To do. Your answer must be exactly the lines from the one containing "Gallery image of" through the end of the material, both ends included, without pictures.

Data shown.
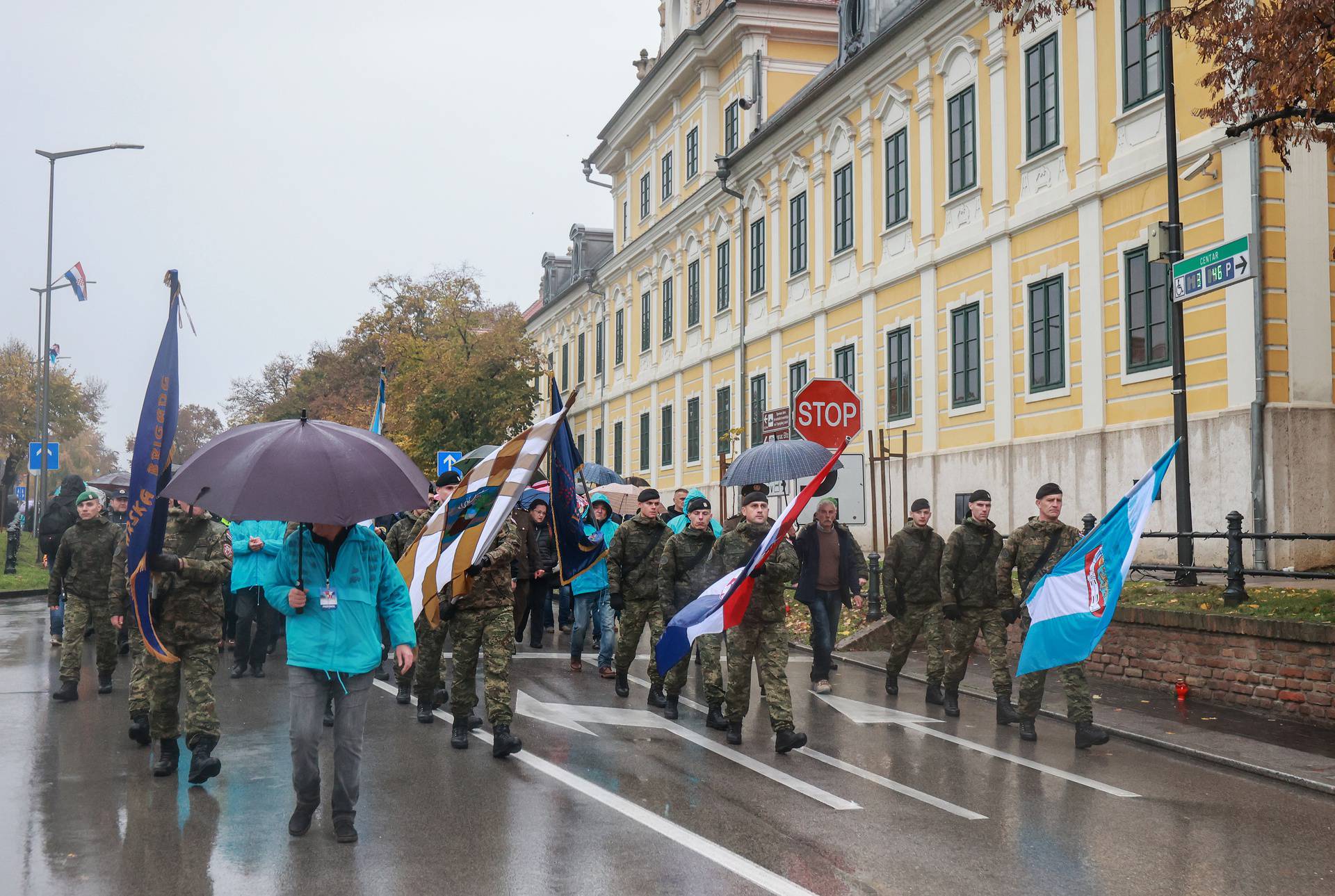 Ulicama grada Vukovara krenula je kolona Sjećanja 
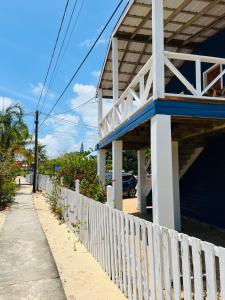 Gallery image of The Flying Toucan in Placencia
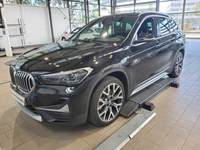 Skats no kreisās puses priekšā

Output.
 Gallery image of The Flying Toucan in Placencia
 Skats no kreisās puses priekšā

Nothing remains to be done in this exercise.